My Journey with Plastic Free Cambodia (PFC) by Ming Ho

Mission to Cambodia

Siem Reap, Cambodia. How did I end up here? Over the years, I volunteered in several different parts of the world from Ghana to Kenya to the Dominican Republic, doing school-building projects and microfinance work, and teaching. While I enjoyed each of my experiences and grew immensely as a person, I often returned to Canada feeling like I could have done something more. I wanted to do more. A few friends told me about an organization called Accounting for International Development (AfID), which sent accountants to many different parts of the world to help businesses and non-profit organizations improve their financial management capacity. As a trained accountant, I thought this opportunity would be right up my alley. I got in contact with AfID, and in less than a month, I was on a plane heading for Siem Reap, Cambodia.

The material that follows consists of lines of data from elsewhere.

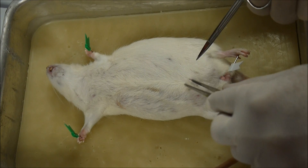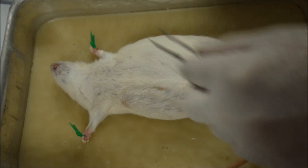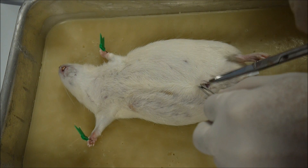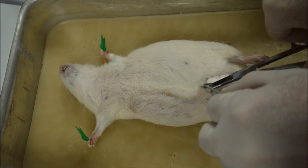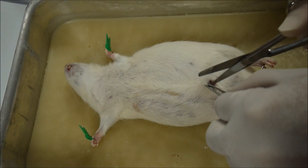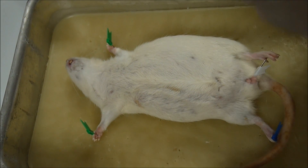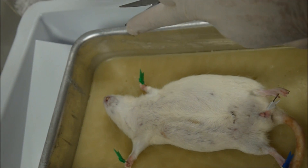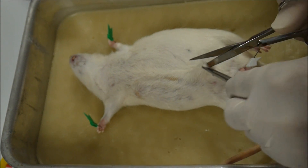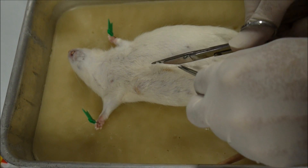Now you make an incision with the fine scissors. Let me get that off there. Then you lift the skin, and I would place the scissors — not cut, but place it under the skin — and just separate the skin from the muscle, so that when you're cutting you are not going to cut the muscle. Notice this scissors has a sharp and a blunt end. Insert the blunt end under the skin because that prevents damage to the muscle. Lift the skin up so you're just cutting the skin and not the muscle underneath it.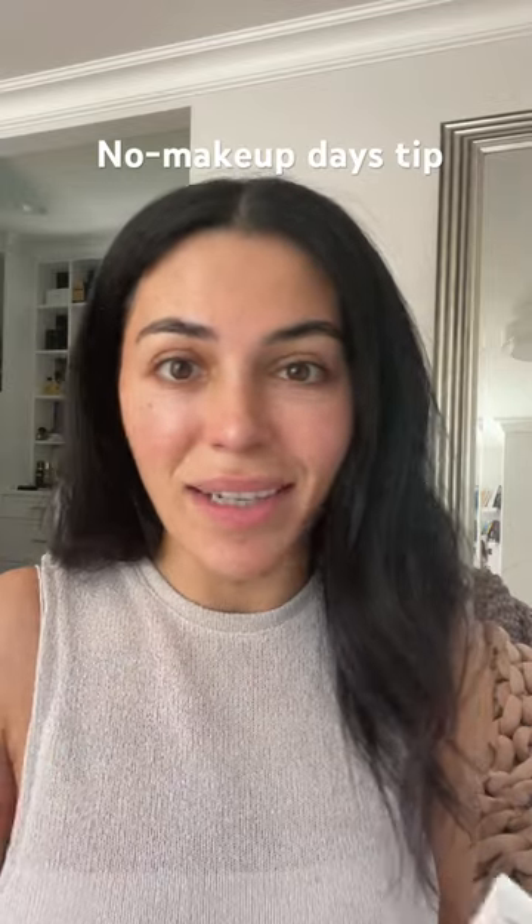I'm going to show you my go-to for days that I don't want to wear makeup, which is most days. This is the Elastin Hydratint Pro Mineral Sunscreen. It's a mineral sunscreen that works for a range of complexions. It gives me sun protection, but also just this glow to my skin.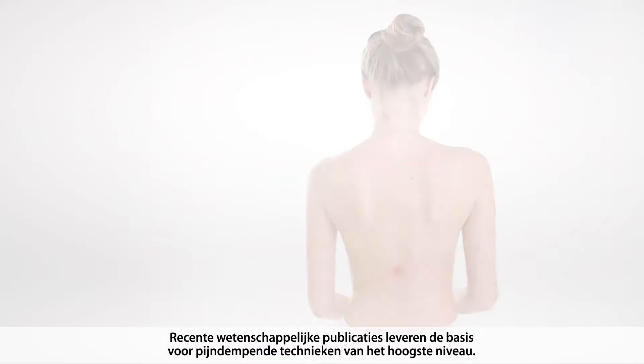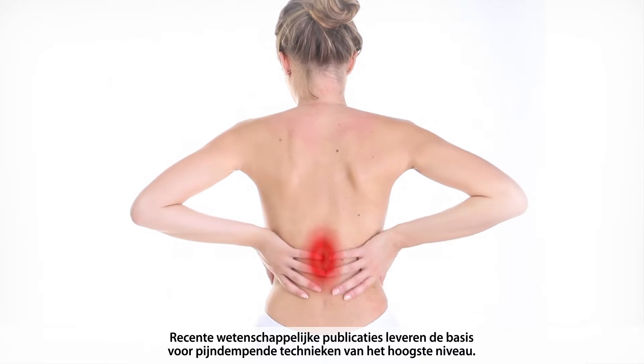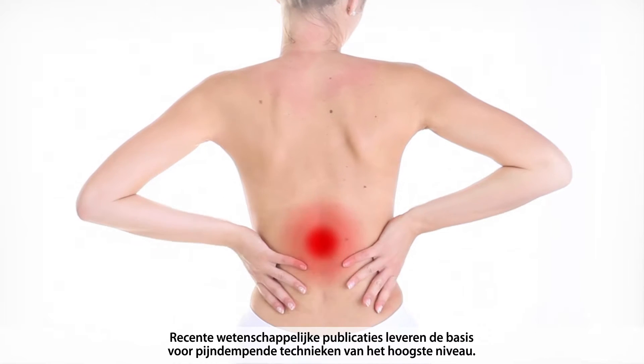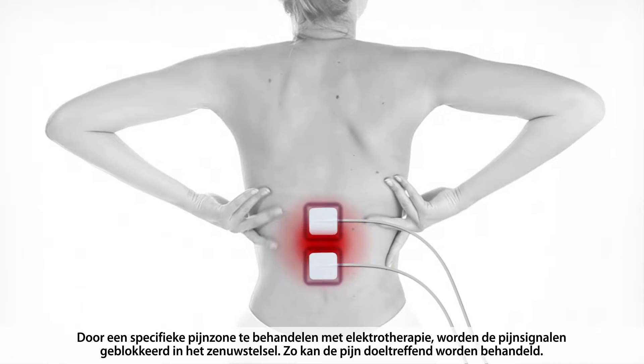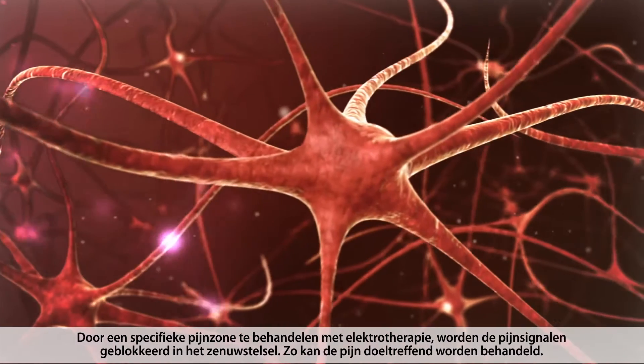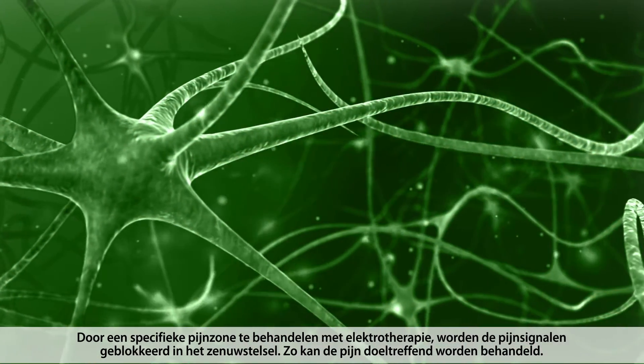Newly advanced relief techniques, developed by implementing the latest scientific evidence, guarantee pain relief at its finest. By treating a specific pain zone with electrotherapy, the pain signals get blocked in the nerve system, resulting in efficient pain relief.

I was going to volunteer with Plastic Free Cambodia for five weeks.

Plastic Free Cambodia

Although I wanted to make an impact using my accounting and finance knowledge, I also wanted to partner with an organization that had a meaningful mission. Plastic Free Cambodia was exactly what I was looking for. As PFC’s website puts it, “Plastic Free Cambodia is working to reduce the use of single-use plastics in order to create a healthier community and environment.” It was clear when I landed in Cambodia that plastic was a big issue in the country. Strewn along the streets and rivers were piles of rubbish and plastic – plastic bottles, plastic containers, and plastic bags. Recycling, something I had taken for granted in the western world, was not common in Cambodia nor was it the solution. The solution was reducing plastic-use.

Working with Numbers

When I arrived at PFC, I hit the ground running, working with Sarah Rhodes, the founder of PFC, and the rest of the PFC team to sort through all of the organization’s financial records. In the weeks I spent with PFC, I set-up accounting processes for revenue, expenses, and inventory. As well, I helped to record all of the transactions for the organization’s Siem Reap, Phnom Penh, and Battambang divisions. Faced with the challenge of sifting through notes on scrap paper, faded invoices, and transactions without invoices, I knew I had to be vigilant and critical of every piece of supporting documentation to ensure that I was recording transactions accurately and reflecting the true financial position of the company. Luckily, after four weeks with PFC, I was able to successfully update the organization’s accounts and migrate all of the financial data onto an online cloud-based accounting system. I was also able to mentor PFC’s accountant to maintain the procedures, processes, and records that I had set-up.

Personal Growth

Through my volunteer work with PFC, I was exposed to many aspects of the organization’s operations outside of accounting and finance – the content and service PFC was providing to businesses and schools across Cambodia. I always thought I was an environmentally conscious individual. Growing up, I was taught to recycle plastic and compost food. I always did my part to keep the planet clean. However, I soon realized I was approaching plastic the wrong way. Why recycle plastic when you can eliminate or reduce plastic? I still had a lot to learn. Sarah introduced me to various products that could be used as substitutes for plastic, such as bio-degradable garbage bags made from cassava plants, bio-degradable takeaway containers and utensils, and bamboo straws. More than anything, during my trip, I realized the importance of making plastic reduction a habit – a habit, which includes carrying reusable water bottles, refusing plastic straws, and avoiding styrofoam takeaway containers by eating in rather than taking out. It was clear to me the impact these habits could have on the environment if everyone did his or her part. As a touristy area, Siem Reap is a hub for plastic pollution, as plastic water bottles are purchased daily in large quantities by thousands of tourists and chucked in the bin once the water was consumed. It was my mission to reduce my plastic-use in every way possible, and to continue good habits when I returned home.

Work Hard, Play Hard

Outside of the office, I had plenty of time to explore the city and surrounding temples, and also spent a weekend in Phnom Penh. In Siem Reap, the majestic Angkor temples are a sight to behold. I sat by a pond across from the Angkor Wat temple one morning, and waited as the sun crept slowly over the horizon, illuminating the sky around the temple in orange and red hues. It was amazing. In Phnom Penh, I will never forget what I saw in the Tuol Sleng Genocide Museum and Choeung Ek or the “Killing Fields.” The grim history of Cambodia was a reminder to me of how lucky I was to be Canadian. Interestingly, one of my favorite after work activities was sharing drinks with some local taxi drivers (or “tuk tuk” drivers) outside of my guesthouse. The drivers would teach me phrases in their local Cambodian language “khmer,” and while I would like to say that I was an expert at khmer by the end of my trip, I would be lying.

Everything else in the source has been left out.